= Lockhart Mission =

The Lockhart Mission was an exploratory mission sanctioned in 1885 by the Secretary of State for India and headed by Sir William Alexander Lockhart to survey the Hindu Kush ranges and endeavor to cultivate friendly relations between the Mehtar of Chitral and the Government of India. The mission (1885–1886) yielded much success and set the course for the region for many decades to come.

== Background ==
The 1880s had seen a remarkable increase in Russian activity in Central Asia; this fact, coupled with the unsettled state of Anglo-Russian relations, necessitated assessment of the geography of the Hindu Kush region. The Gilgit Agency had been withdrawn by the liberal Lord Lytton in 1881, but with the coming to office of Lord Dufferin and the changing political atmosphere, interest in its revival surged. In 1885, Lord Dufferin, with the sanction of the Secretary of State for India, assembled a team under Sir William Lockhart (then a Colonel) for exploration and strategic assessment of the Hindu Kush region.

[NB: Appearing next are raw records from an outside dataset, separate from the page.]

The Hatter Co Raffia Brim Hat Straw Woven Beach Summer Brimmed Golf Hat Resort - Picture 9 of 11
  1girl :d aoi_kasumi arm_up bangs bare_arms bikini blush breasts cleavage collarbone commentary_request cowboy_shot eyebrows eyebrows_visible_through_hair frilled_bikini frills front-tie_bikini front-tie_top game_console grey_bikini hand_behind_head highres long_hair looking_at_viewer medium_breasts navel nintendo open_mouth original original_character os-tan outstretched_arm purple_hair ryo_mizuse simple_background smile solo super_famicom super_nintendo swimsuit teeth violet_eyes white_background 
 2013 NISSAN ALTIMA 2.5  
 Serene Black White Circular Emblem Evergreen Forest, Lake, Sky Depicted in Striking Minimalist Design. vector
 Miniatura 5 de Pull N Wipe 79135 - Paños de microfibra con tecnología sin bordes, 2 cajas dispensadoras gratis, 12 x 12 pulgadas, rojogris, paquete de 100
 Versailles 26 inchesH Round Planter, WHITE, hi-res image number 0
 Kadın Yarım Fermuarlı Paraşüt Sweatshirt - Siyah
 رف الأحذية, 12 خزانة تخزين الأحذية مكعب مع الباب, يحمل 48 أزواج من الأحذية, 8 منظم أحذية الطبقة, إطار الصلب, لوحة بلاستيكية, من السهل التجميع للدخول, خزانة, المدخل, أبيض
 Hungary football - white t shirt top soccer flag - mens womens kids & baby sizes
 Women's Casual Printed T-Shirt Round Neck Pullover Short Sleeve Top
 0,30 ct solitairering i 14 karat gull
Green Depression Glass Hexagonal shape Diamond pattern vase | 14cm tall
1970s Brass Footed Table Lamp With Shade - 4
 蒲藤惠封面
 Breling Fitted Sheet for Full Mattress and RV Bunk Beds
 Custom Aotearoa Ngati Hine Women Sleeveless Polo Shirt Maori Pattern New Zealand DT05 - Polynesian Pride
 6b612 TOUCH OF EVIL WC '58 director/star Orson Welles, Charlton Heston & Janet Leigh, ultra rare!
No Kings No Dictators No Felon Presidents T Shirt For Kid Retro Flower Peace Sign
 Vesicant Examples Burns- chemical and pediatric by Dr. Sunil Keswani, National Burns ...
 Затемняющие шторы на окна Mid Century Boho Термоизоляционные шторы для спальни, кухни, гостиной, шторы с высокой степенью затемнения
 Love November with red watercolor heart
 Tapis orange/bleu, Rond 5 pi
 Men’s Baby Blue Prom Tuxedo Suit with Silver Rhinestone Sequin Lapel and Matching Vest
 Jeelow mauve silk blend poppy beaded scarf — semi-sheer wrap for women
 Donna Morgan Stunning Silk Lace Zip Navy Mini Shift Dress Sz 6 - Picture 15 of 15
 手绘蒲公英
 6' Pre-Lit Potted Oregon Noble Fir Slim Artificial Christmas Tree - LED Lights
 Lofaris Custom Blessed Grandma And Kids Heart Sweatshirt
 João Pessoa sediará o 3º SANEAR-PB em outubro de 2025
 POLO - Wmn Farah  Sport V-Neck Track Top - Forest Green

One of the principal tasks of the mission was to enter into more definite and complete relations with Mehtar Aman ul-Mulk of Chitral and to report on the defences of the state.

== The Mission ==
Though Sir William Lockhart had no experience of hill tribes he was chosen to lead the mission, consisting of an Army Intelligence Officer, 2 competent officers from the Survey Department, 300 men and over 300 animals carrying goods and items of all kind including a load of 200 Snider–Enfield Rifles along with ammunition as present for the Mehtar of Chitral. On the 25 June 1885 the mission started from Kashmir, and on 13 June 1885 it crossed the Kamri Pass. For many miles the road ran through snow. On 29 July 1885 the mission reached Gilgit. Here it was deemed expedient to halt for some time, in order that the streams on the Chitral route, swollen by the melting snow, might subside. During the missions stay at Gilgit the officers acquired a good deal of useful knowledge regarding the area and the surrounding country.